Installing K3s and the First Pod

K3s installed in one command. Everything after that took longer. This post covers enabling cgroups on Raspberry Pi OS, fixing kubectl permissions properly via a systemd service override, and watching the pod scheduling pipeline run live in your own cluster — including what QoS classes actually mean when you change them in real time.
Previous post: From microSD to SSD Boot on Raspberry Pi 4
What this covers
With the Pi running cleanly from the Intenso SSD, the next goal; get a real Kubernetes cluster running and understand what's actually happening when a pod starts.
By the end of this post you'll have seen:
K3s installed and running on ARM hardware
The full pod scheduling pipeline live in your own cluster
Resource requests and limits in practice
QoS classes changing in real time based on what you define
Why K3s and not full Kubernetes
K3s is a lightweight Kubernetes distribution built specifically for edge devices, ARM hardware, and resource-constrained environments. It exposes the full Kubernetes API — every kubectl command you learn here works identically against a production EKS or GKE cluster — but it runs in a fraction of the memory.
Full Kubernetes on a Raspberry Pi 4 would consume most of the available RAM before you deployed a single workload. K3s runs comfortably alongside a full application stack on the same 4GB.
Source: https://docs.k3s.io/architecture
Step 1 — Enable cgroups
This is the step that catches almost everyone on Raspberry Pi OS. Kubernetes needs Linux cgroups (control groups) to enforce container resource limits — CPU throttling, memory limits, scheduling decisions. On Pi OS they're not fully enabled by default.
Edit /boot/firmware/cmdline.txt:
sudo nano /boot/firmware/cmdline.txt
Add these parameters at the end of the single line:
cgroup_memory=1 cgroup_enable=memory cgroup_enable=cpuset
The full line now looks like:
console=serial0,115200 console=tty1 root=PARTUUID=6692b3d6-02 rootfstype=ext4 fsck.repair=yes rootwait usb-storage.quirks=152d:0579:u cgroup_memory=1 cgroup_enable=memory cgroup_enable=cpuset
Verify with cat -A — one line, one $ at the end. Then reboot.
After reboot, verify cgroups are active:
cat /sys/fs/cgroup/cgroup.controllers
Output:
cpuset cpu io memory pids
memory in that list confirms the memory controller is active.. I am on cgroup v2 -which modern Raspberry Pi OS uses it by default. The legacy cgroup_memory=1 syntax is harmless but the actual enablement comes from cgroup v2's memory controller being present.

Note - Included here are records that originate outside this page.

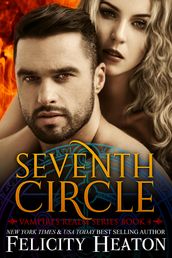 Seventh Circle (Vampires Realm Romance Series #4)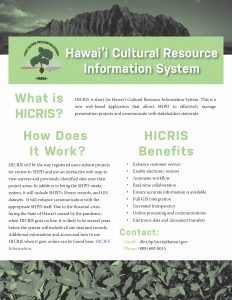 HICRIS infographic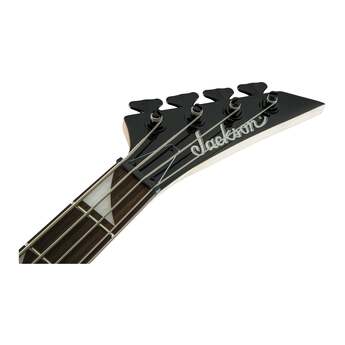 Jackson JS Series Concert Bass JS2 4-String Electric Bass Guitar (Satin Black) — thumbnail 5
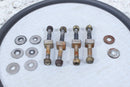 2011 SEA-DOO GTI 130 Jet Pump Transom Mounting Bolts 250300046 - Watercraft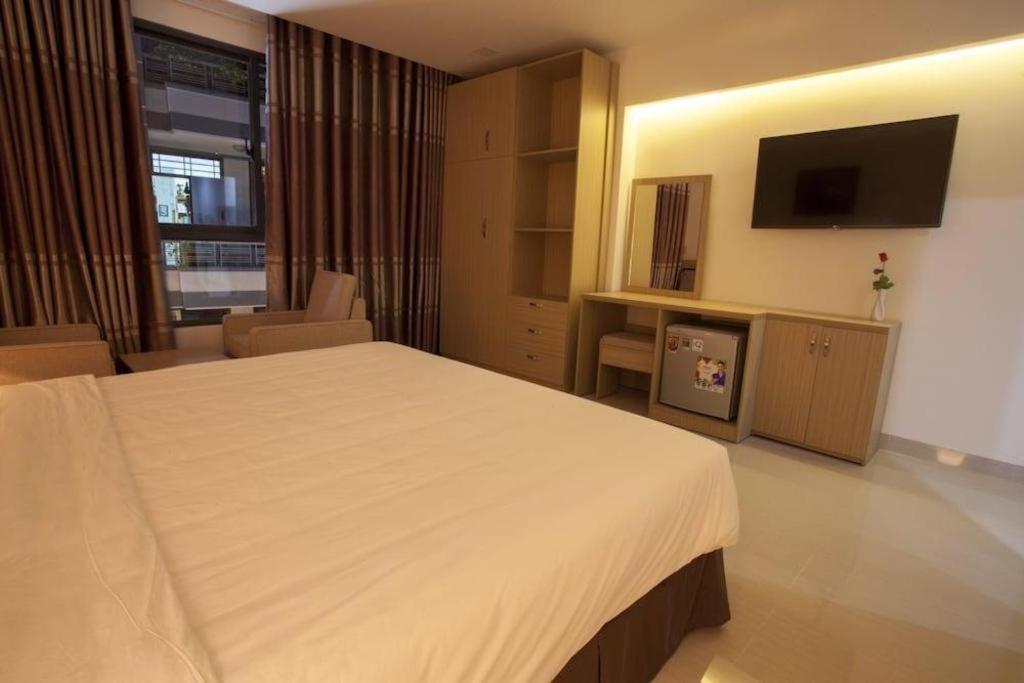 Melody Hotel Nha Trang Exterior foto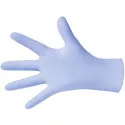 Protections de la personne Gants en nitrile non poudrés  - Medibase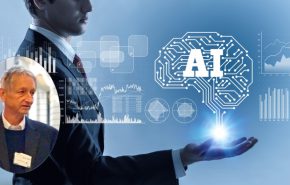 התריע אודות ה-AI. חוקר בינה מלאכותית בכיר בגוגל לשעבר, ד"ר ג'פרי הינטון.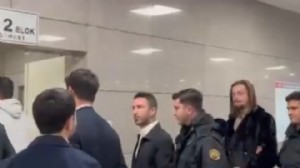 Gökhan Gönül ve Aref Ghafouri adliyede!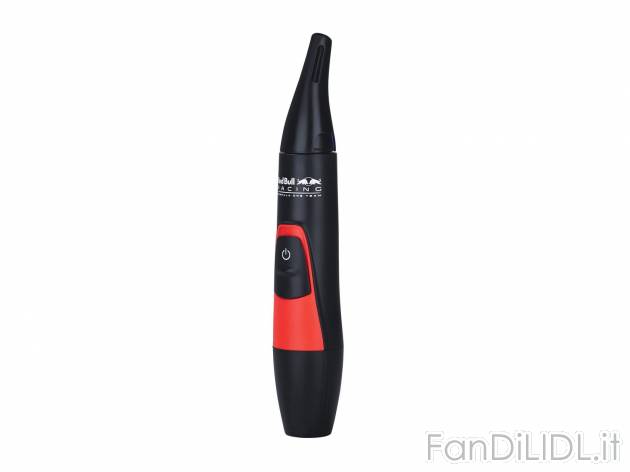 Regolapeli per naso e orecchie , prezzo 9.99 &#8364; 
- Alimentazione a batteria ...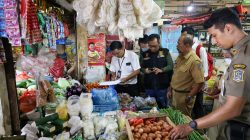 Pemkot Surabaya Pastikan Stabilitas Harga Bahan Pokok, Cabai Masih di Bawah HAPK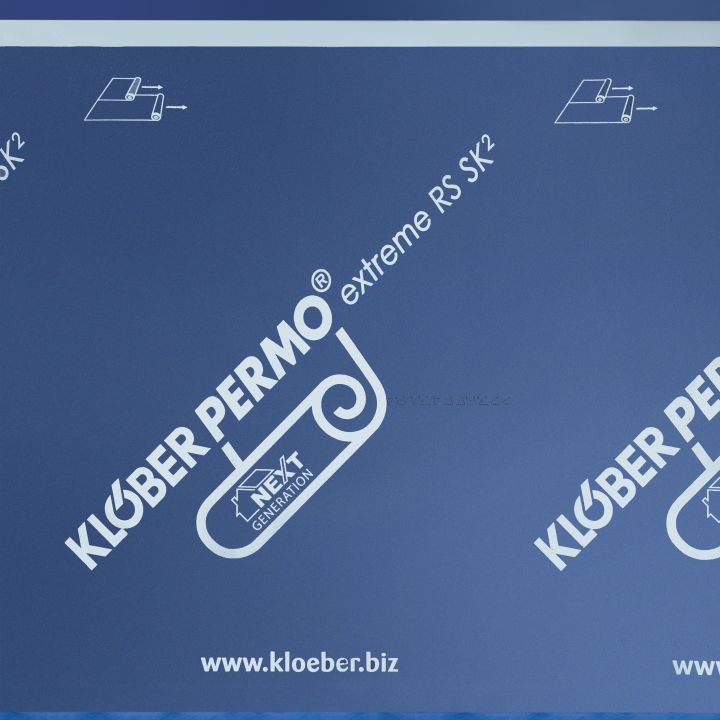 Klober Permo Extreme 200 Tear-Resistant Roofing Membrane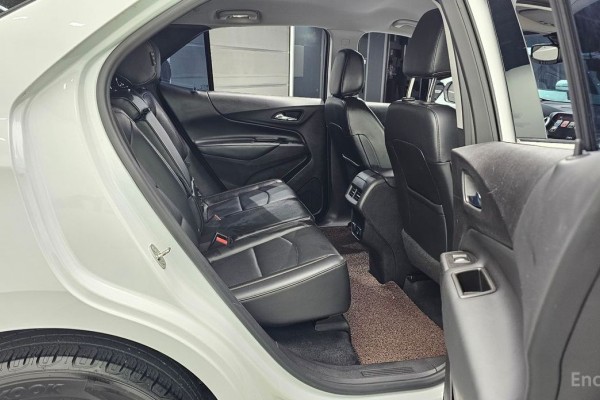 2018 Chevrolet Equinox с пробегом 87 661 км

Source: https://www.kernel.org/doc/html/latest/admin-guide/cgroup-v2.html
Source: https://docs.k3s.io/installation/requirements?os=pi#operating-systems
Step 2 — Install K3s
One command:
curl -sfL https://get.k3s.io | sh -
This downloads the K3s binary, installs it as a systemd service, generates a kubeconfig, and starts the cluster. Takes about 2 minutes on the Pi.
Verify the cluster started:
sudo systemctl status k3s | head -5
● k3s.service - Lightweight Kubernetes
Loaded: loaded (/etc/systemd/system/k3s.service; enabled)
Active: active (running)
Source of truth: https://docs.k3s.io/quick-start
Step 3 — The kubectl permissions problem (and how it was fixed)

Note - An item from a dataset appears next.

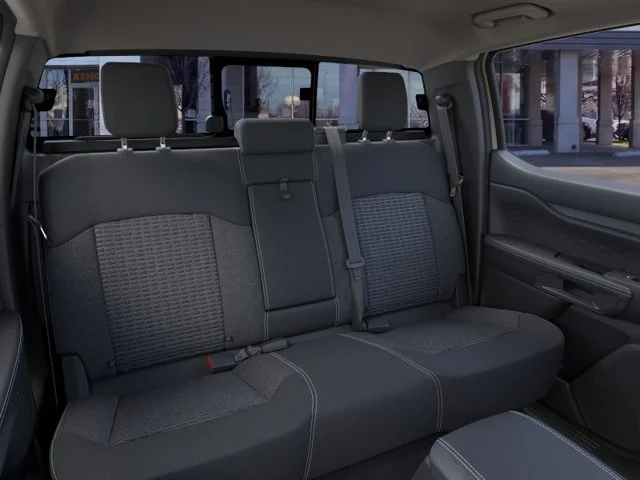 New 2026 Desert Sand Ford XLT image 11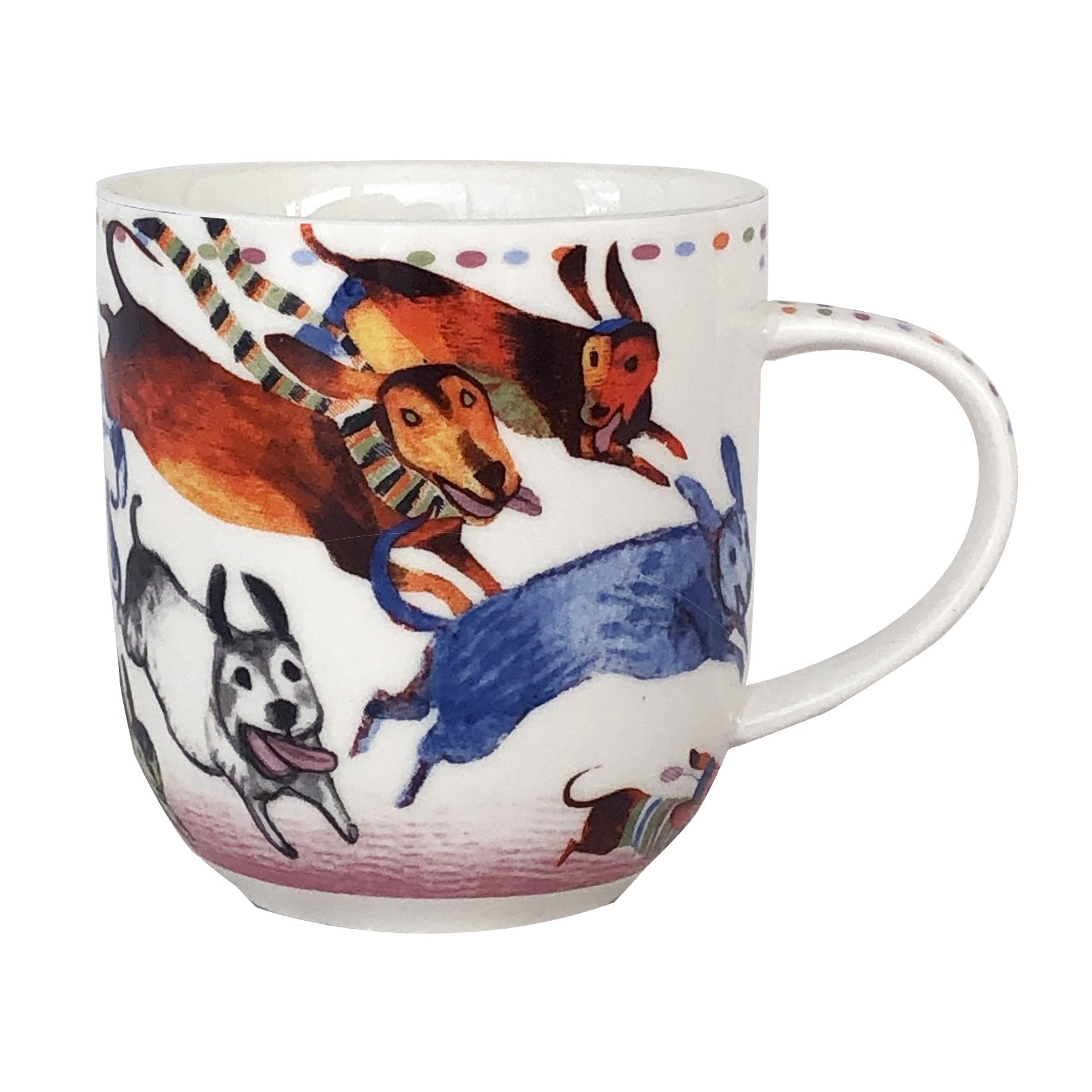 Off Leash Mug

This is where it got interesting.
K3s writes its kubeconfig to /etc/rancher/k3s/k3s.yaml with root-only permissions (600). Running kubectl get nodes without sudo fails:
yvette@newerkey-lab:~ $ kubectl get nodes
WARN[0000] Unable to read /etc/rancher/k3s/k3s.yaml, please start server
with --write-kubeconfig-mode or --write-kubeconfig-group to modify kube
config permissions
error: error loading config file "/etc/rancher/k3s/k3s.yaml": open
/etc/rancher/k3s/k3s.yaml: permission denied
The documented fix is to create /etc/rancher/k3s/config.yaml with:
write-kubeconfig-mode: "0644"
This tells K3s to write the kubeconfig with readable permissions on every start. I verified the file was correct — cat -A showed clean YAML, xxd showed no hidden characters — but K3s kept ignoring it.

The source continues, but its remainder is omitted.